Armenia -- Armenian Prime Minister Nikol Pashinian visits the town of Sisian, December 21, 2020.

Amid continuing opposition protests in Yerevan, Prime Minister Nikol Pashinian on Tuesday insisted that he still enjoys popular support and that his resignation is primarily sought by Armenia’s “elite” overthrown by him in 2018.

Pashinian claimed that opposition and other groups trying to topple him in the aftermath of the war in Nagorno-Karabakh are pitting themselves against “the people.”

“The ‘elite’ that lost power in Armenia as a result of the 2018 revolution is trying to take revenge,” he wrote on Facebook. “And we are talking about not only the political elite but also all those who had privileges until 2018 and have not had them since 2018.”

“Thus the real confrontation is not between the government and the opposition but between the people and the ‘elite’ that lost privileges in 2018,” he said, adding that it is up to “the people” to decide whether he should stay in power.

Pashinian issued the statement shortly before a coalition of more than a dozen Armenian opposition parties resumed demonstrations in Yerevan aimed at forcing him to hand over power to an interim government that would hold snap parliamentary elections within a year.

Armenia -- Opposition supporters rally in Yerevan's Republic Square to demand Prime Minister Nikol Pashinian's resignation, December 22, 2020.

The parties making up the ad hoc Homeland Salvation Movement called last week for a general strike and boycott of university classes for December 22. One of their leaders said it will be “the most decisive day” of their push for regime change.

The opposition forces hold Pashinian responsible for the Armenian side’s defeat in the war and say he is not capable of confronting new security challenges facing Armenia.
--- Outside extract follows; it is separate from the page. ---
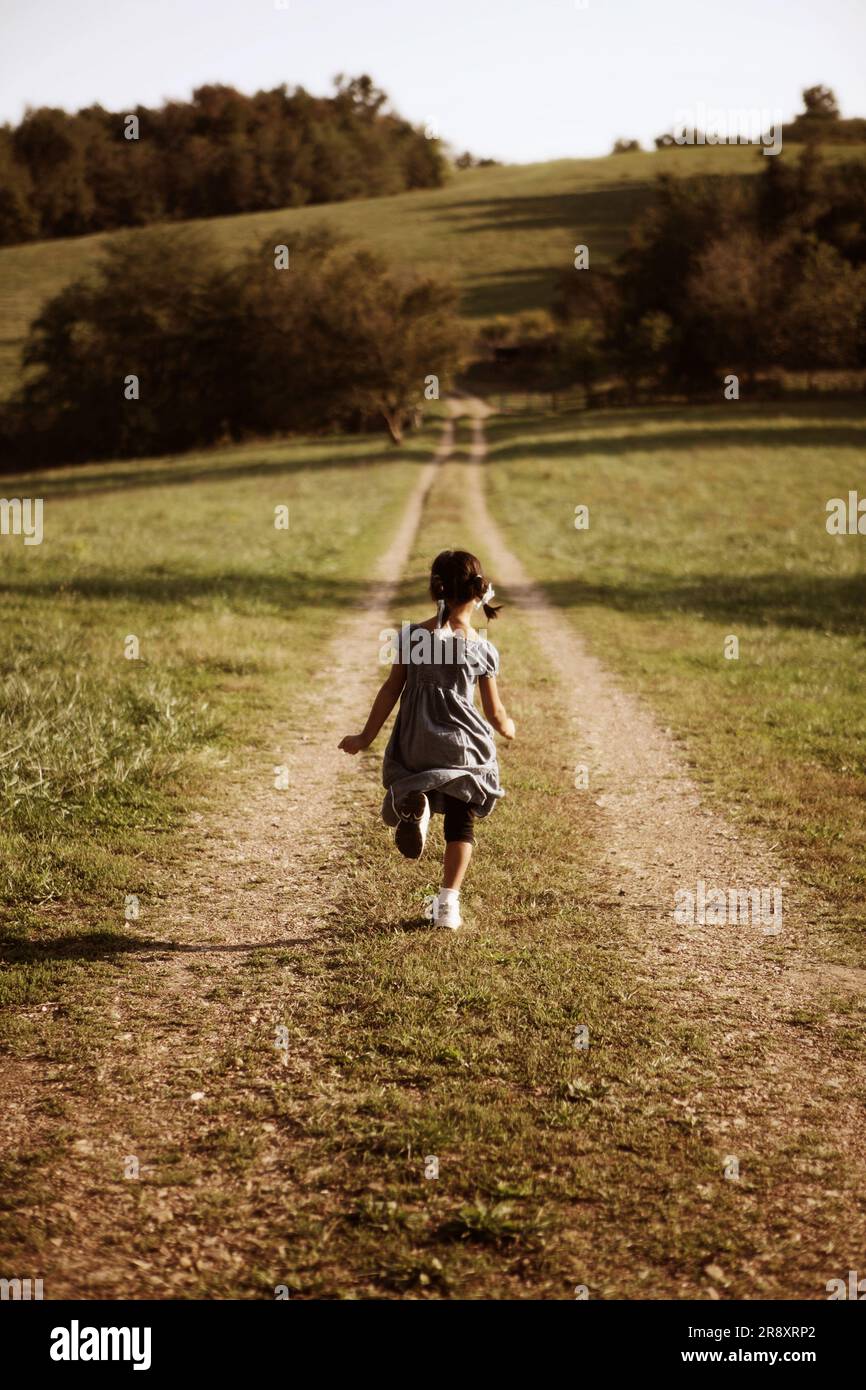 A young girl running down a country road in Frankenstein, Missouri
Their demands for his resignation and the formation of an interim government have been backed by President Armen Sarkissian, the Armenian Apostolic Church and prominent public figures in Armenia and its worldwide Diaspora.

Pashinian faced angry protests on Monday as he headed to Armenia’s southeastern Syunik province in hopes of reassuring local residents seriously concerned about their security following Armenian troop withdrawals from Azerbaijani districts adjacent to Syunik. The protests forced him to cut short the visit.